The 20th Victim (Women's Murder Club #20)(60)
Nardone sighed and gingerly touched his face with his fingertips.
When he was ready, he said, “Healy was driving. We were looking for a coffee shop when I saw a guy looked like Barkley cross the road, heading to the motel. I was pretty sure it was him, but the picture I have of Barkley, the dude had a beard.”
“Yep. He shaved. Go on.”
“So we pulled in the lot and saw him take the stairs to the second floor and enter room 208. You can see it at the head of the stairs. We parked over there, where we could watch the room, and I called in a sighting of a suspect wanted for questioning, and we requested backup.”
“But he saw you, right?”
“Yeah. He peeks through the curtain, then opens the door, and I see him assessing his next steps. He’s going to either bolt for the elevator at the end of the building. Or he’s going to vault over the railing. Healy and I get out of the car, draw our weapons, and I yell, ‘Stay where you are. Show us your hands.’

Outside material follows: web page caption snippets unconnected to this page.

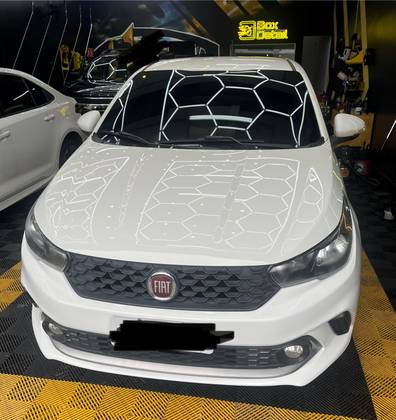 FIAT ARGO 1.3 FIREFLY FLEX DRIVE GSR FIAT ARGO 1.3 FIREFLY FLEX DRIVE GSR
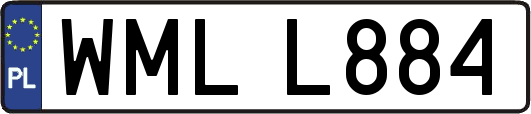 WMLL884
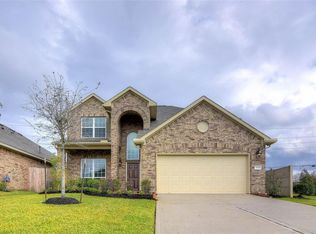 604 Oak Circle Dr, Conroe, TX 77301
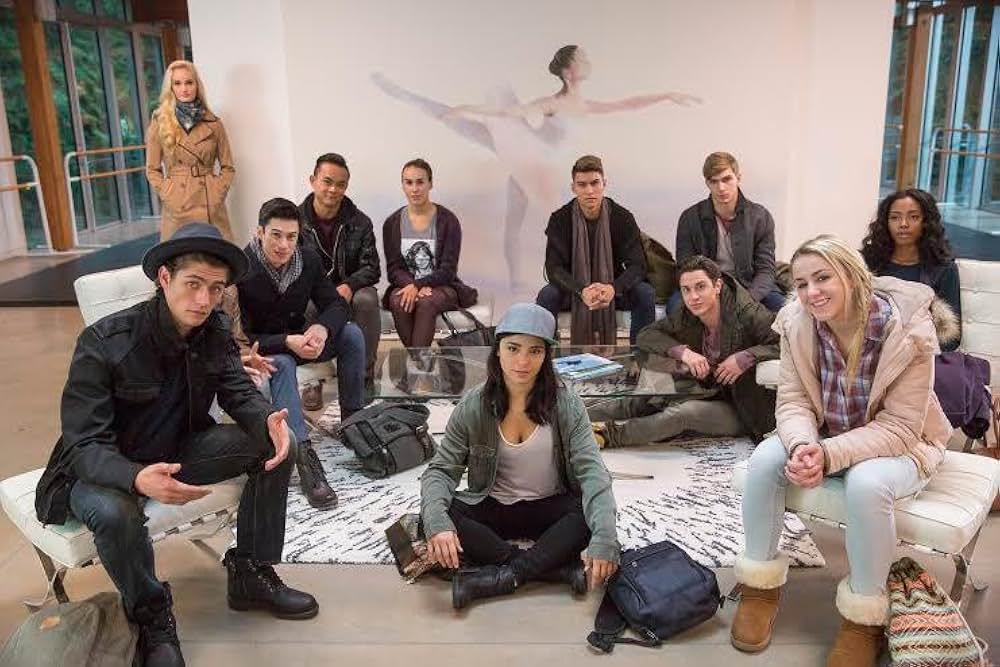 センターステージ3 ダンス・ニューウェーブの画像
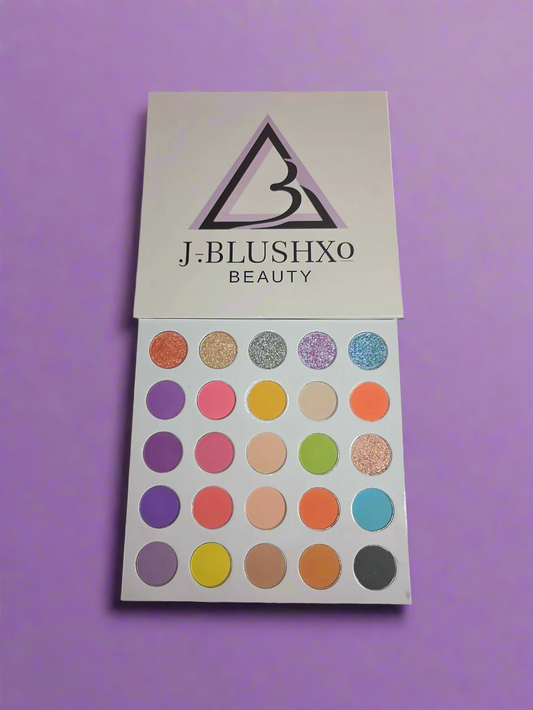 J-Blushxo Summer Palette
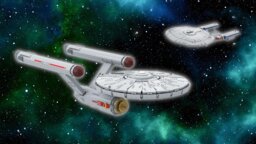 LEGO Star Trek: Die für euch beste Enterprise soll 2025 als Riesenset erscheinen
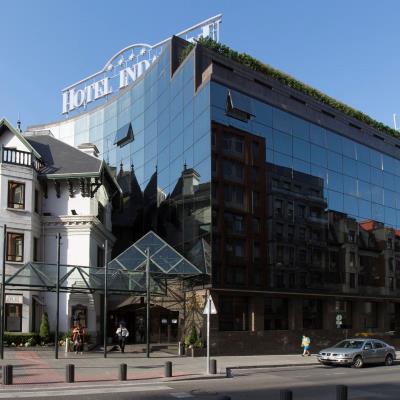 Silken Indautxu (Confort), Bilbao 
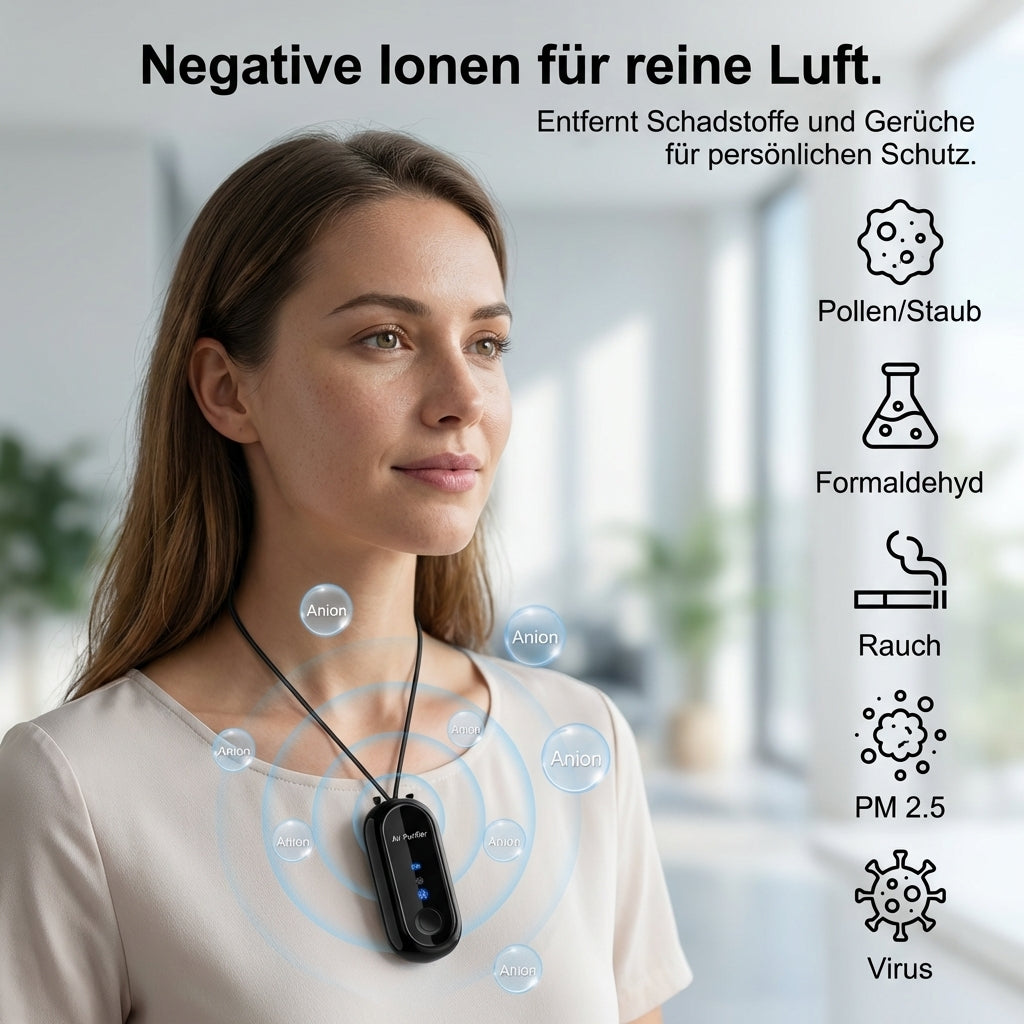 BreathShield – Atme überall sicher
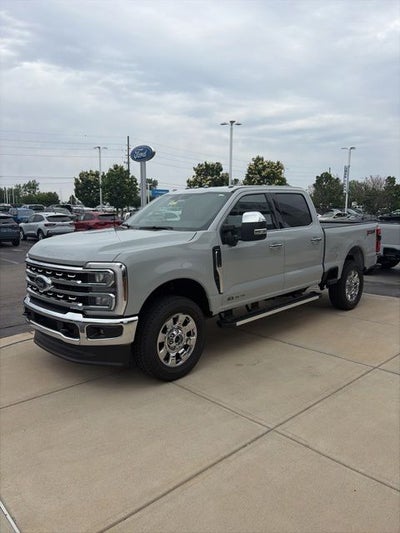 2026 Ford F-350 Lariat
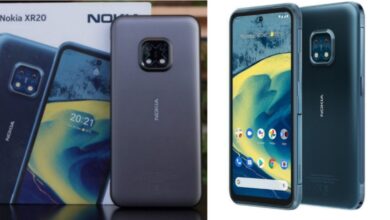 Nokia XR20: Smartphone Tangguh & Stylish, Pilihan Terbaik untuk Aktivitas Outdoor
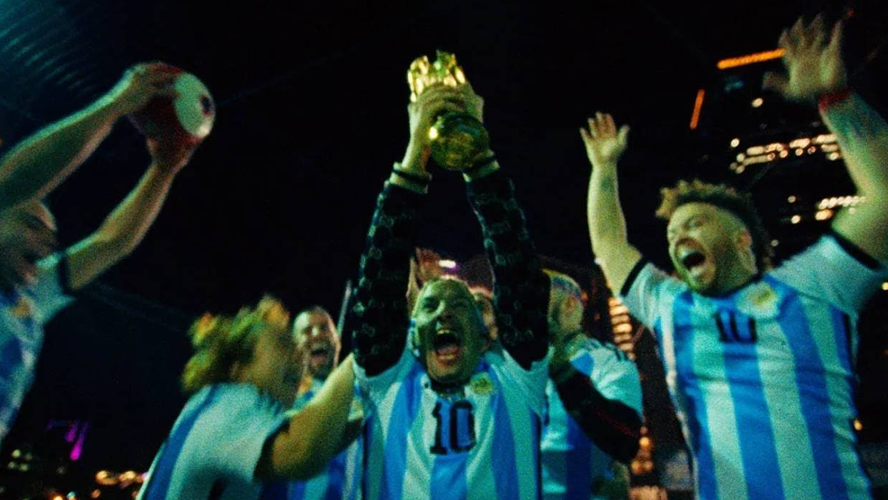Mau y Ricky estrenaron el videoclip "Miami" y le hicieron un tributo a la Selección Argentina | Noticias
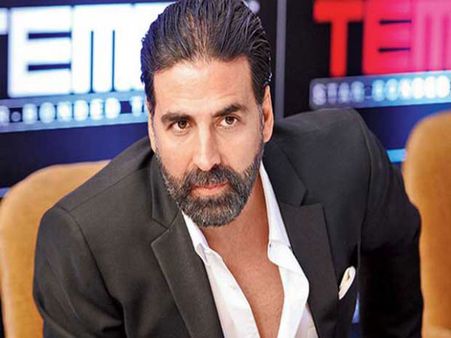 Akshay Kumar Is Not Donating Gabbar Is Back's Collection To Quake Victims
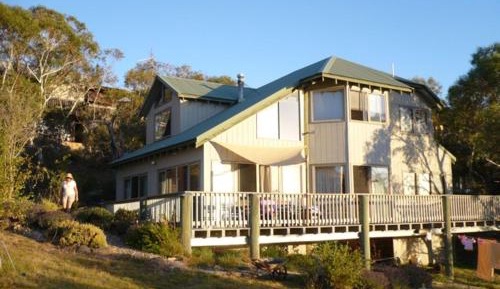 Holiday Home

“That’s when the cleaning woman comes out of room 206 and slow-walks her cart along the second-floor walkway, blocking our view of the suspect. She’s wearing earbuds and she’s humming. I can’t see around her, and she doesn’t hear me.”
“And then?”
“And then fucking Barkley lunges, grabs her, and shoves her and her cart down the stairs. I’m in front and she bowls me over. Strike! I fall on top of Healy, who hits his head against the railing. Now all three of us are in a pile, right? Disoriented. Out of breath. The suspect, assumed to be Barkley, grabs Healy out of the pile, pushes him against our car, and yells into his face, ‘I’m the good guy, you dumb shit.’”
“Aw, jeez.”
Nardone swallowed, coughed, and then he continued.
“I’d lost my gun while rolling down the stairs with four or five hundred pounds of people and a cleaning cart on top of me. I hear Barkley gut-punching Healy, who’s grunting and trying to get free of him. Then I see that Barkley has bent Healy over the hood and he’s patting him down, saying, ‘Give me the keys.’
“And then the keys jingle. He’s got them.”
CHAPTER 87
NARDONE WANTED TO tell the story as much as I wanted to hear it, but he was running out of gas.
There were some small plastic bottles of water among the litter of toiletries. I got one from under the cart and brought it back to Nardone.
He thanked me. Sipped from the bottle.
Then he said, “I tried to shove that poor woman off me. But she’s dead weight. Unconscious. By the time I’m out from under her, I find Healy lying in his vomit, bleeding from the side of his head. Our guns are gone. The dude has also stripped off our shoulder mics. I didn’t even feel him do it. But now I’m on my feet, and I see him get into our car and pull out. My phone is in the car.”
“And your badge?”
“I have mine, but he ripped Healy’s off his shirt pocket. I gotta say this, Sergeant, and not as an excuse. We didn’t have a chance. The dude is MMA or something.”
“If it’s Barkley, he’s a Navy SEAL.”
“That explains it.”
“You did your best, Bob.”
Paramedics approached with a gurney. Nardone protested. They insisted. Paramedics won.
Out on the street in this light commercial area, horns blared, hydraulic brakes squealed, uniforms closed a lane and tried to control traffic. If the runaway psycho was Barkley, he had PTSD. Now he had weapons and a badge and a police cruiser. And he thought he was the good guy. The mayhem could set him off.
Conklin came over and said, “I spoke with Cappy.”
McNeil and Chi had been assigned to watch the Barkley house, in hopes that Barkley would need clean underwear and maybe a conjugal visit. But according to them, Barkley hadn’t shown up and Randi had been followed whenever she left it.
I called Brady, told him we needed to move Barkley’s wife, put her in protective custody. He said he’d get a warrant.
I got into our squad car, turned on the radio, checked in with dispatch.
Specialist Hess told me, “Good news, Sergeant. The cruiser was found on San Bruno, near Cliff’s Auto Body. Abandoned, engine left running.”
“Were there guns inside?”
“No guns. No nothing.”
Barkley had given us back the car. Good news. I no longer had to worry about him flipping on the siren and driving at 100 mph to parts unknown.
But that wasn’t enough.
Where was Barkley?
Maybe he was across the street, watching us.
CHAPTER 88
BY TWO THAT afternoon I was settling Randi White Barkley into her safe house in Parkside, which in my humble opinion was several grades above the shack she and Barkley called home.
It had two freshly painted, sunny rooms, comfy furniture, an ocean breeze, and a park only a few blocks away. Barkley Barkley, her large Rottweiler mix, climbed onto a white sofa and fell asleep.
He felt at home, but Randi complained while uniforms secured the windows and checked the door locks. She didn’t know that we had court orders allowing us to set up hidden cameras, bug the landline, and hack into her laptop.
Randi asked, “Is this actually legal?”
“Yes, and again, Randi, it’s for your protection.”